India’s Digital Personal Data Protection Act, 2023 received presidential assent on 11 August 2023, marking a historic milestone in the country’s privacy journey. Yet, as of August 2025, it remains technically not in force, pending formal notification of the Act’s operational timelines and the Rules governing it.
What’s Holding Things Up?
In January 2025, the government released the draft Digital Personal Data Protection Rules, 2025 for public consultation. These Rules clarify how the Act should be applied—covering aspects like data breach reporting, consent mechanisms, notice requirements, data fiduciary duties, and the establishment of the Data Protection Board of India.
Yet, these Rules have not been formally notified, leaving the law in a state of limbo. The Ministry is expected to finalize and notify them soon, potentially introducing a phased implementation and a two-year transition for businesses.
What’s Inside the Rules—and What It Means for Businesses
1. Data Fiduciary Responsibilities & Transparency
Organizations that determine how personal data is processed (called data fiduciaries) must publish clear, standalone notices. These must list:
- The categories of personal data collected
- The specific purposes tied to each category
- How data subjects can withdraw consent, exercise rights, or file complaints
The notice must be self-contained and easily accessible—not buried in legal jargon or contracts.
2. Consent Management & Consent Managers
India’s Rules introduce the concept of consent managers—entities that help individuals give, review, and withdraw consent. These must be registered and comply with security, transparency, and audit obligations. Data fiduciaries may need to integrate with them too.
3. Data Breach Notifications
In the event of a breach, data fiduciaries must:
- Immediately notify the Data Protection Board of India, and
- Submit a detailed report within 72 hours, including nature, scope, and remediation plans
There is no materiality threshold—even minor breaches must be reported.
4. Security Safeguards
Fiduciaries must implement reasonable technical and organizational measures such as access controls, logging, breach detection, and incident response. While generic, these requirements can be demanding—especially for smaller businesses.

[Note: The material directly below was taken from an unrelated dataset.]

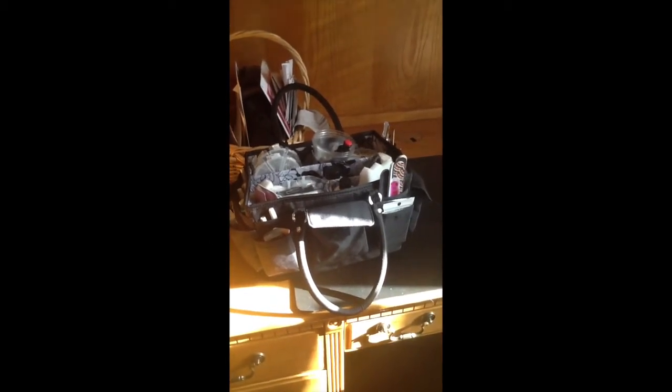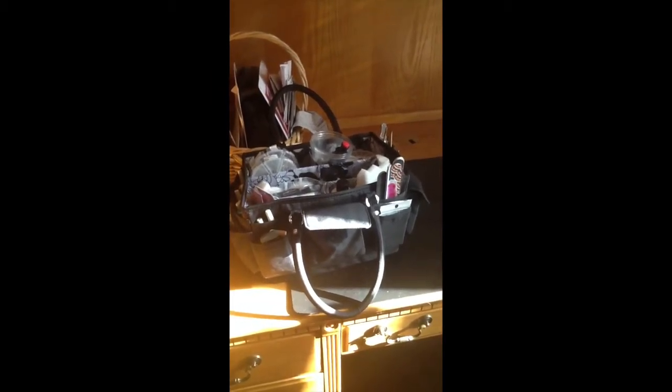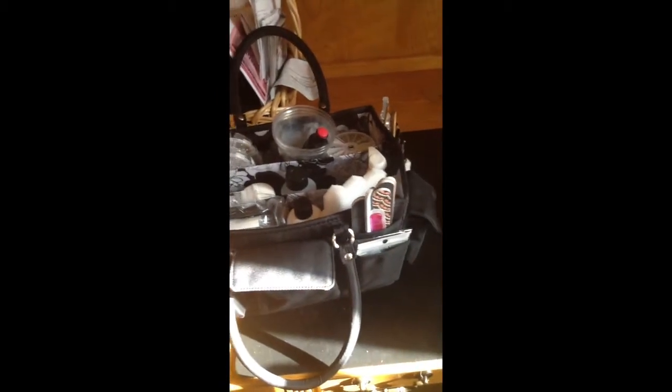I got this at Michael's, and by the way you can have them text coupons to your cell phone so they can just scan your cell phone right from the cash register — it saves you a bunch of money. One of my strengths is that I like to be extremely organized, and I find it's very restful when I can just know where everything is.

5. Data Retention & Erasure Criteria
Certain classes of companies—e-commerce platforms, social media intermediaries, and online gaming services—must delete personal data if users haven’t engaged within defined timelines. Interpretation may require timestamping systems to track inactivity accurately.
6. Data Protection Board of India
The Data Protection Board will act as the adjudicator under the DPDPA. It will handle breach inquiries, impose penalties, direct mitigations, accept voluntary undertakings, refer matters for alternative dispute resolution, and even recommend blocking repeat offenders.

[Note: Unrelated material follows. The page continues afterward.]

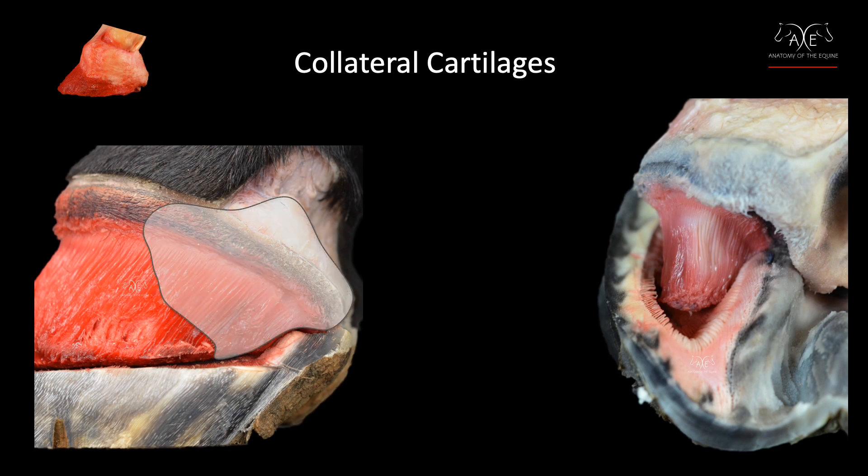Jenny and I decided to divide the lateral cartilage into three sections, even though it is one continuous sheet of cartilage. We thought describing the function of the three different regions would make it easier to explain how each individual section interacts with the hoof capsule and the tissues surrounding it.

A Step-by-Step Roadmap: Implementing DPDPA in Your Organization
Here’s a practical, people-friendly roadmap to prepare your organization—even as the law awaits final notification:
Step 1: Audit Your Data Landscape
- Map what personal data you collect, how you use it, and why.
- Identify key legal bases—consent or “legitimate use” (e.g., for employment, legal compliance, state benefits).
Step 2: Build Clear, Independent Notices
- Draft a privacy notice separated from terms of service or employment documents.
- Ensure it’s in plain language—and includes all mandatory disclosures about data usage, contacts, and rights.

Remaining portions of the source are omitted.